GOP retreats on payroll tax cut

It remains to be seen whether rank-and-file lawmakers will go along with it, but GOP House leaders backed off their demands and agreed to extend the payroll tax cut through the rest of the year. They paid a high political price for their last showdown over the issue, and they likely thought it wasn’t wise during an election year to get blamed for raising taxes on 160 million workers.

Safety net not just for the poor

The poorest U.S. households no longer receive the majority of government benefits, the New York Times reported. The share of benefits going to the bottom fifth of households declined from 54 percent in 1979 to 36 percent in 2007. But as benefits to the middle class have expanded, federal tax money to pay for the benefits has not. According to the Times analysis: “In 2000, federal and state governments spent about 37 cents on the safety net from every dollar they collected in revenue.… A decade later, after one Medicare expansion, two recessions and three rounds of tax cuts, spending on the safety net consumed nearly 66 cents of every dollar of revenue.”
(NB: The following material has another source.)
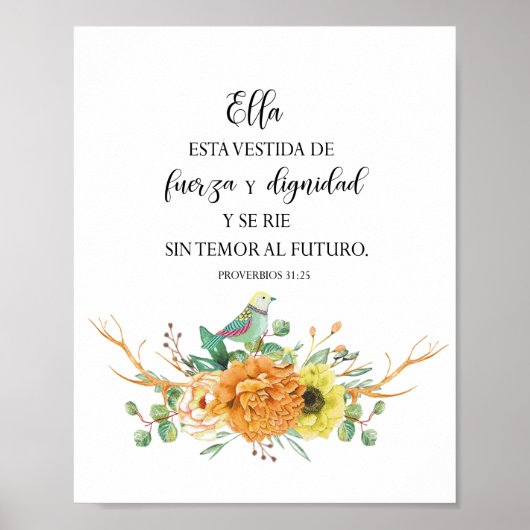 Ella esta vestida de fuerza y dignidad Póster Poster (Voorkant)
USDA reportedly open to food-stamp alternative

The Kansas Department of Social and Rehabilitation Services contends that the food-stamp eligibility change it made – which has resulted in more than 1,000 U.S. children being dropped from the federally funded program – was its only option to change what it considered to be an unfair system. But a leader of El Centro, an anti-poverty program in Kansas City, Kan., said the group contacted the U.S. Department of Agriculture to see if capping benefits would be a possible alternative, the Kansas Health Institute News Service reported. According to El Centro, USDA indicated that it would be open to considering such an alternative if Kansas submitted a request for a waiver, which takes six to eight weeks to review. If so, why didn’t SRS attempt that first before kicking U.S. kids off food stamps?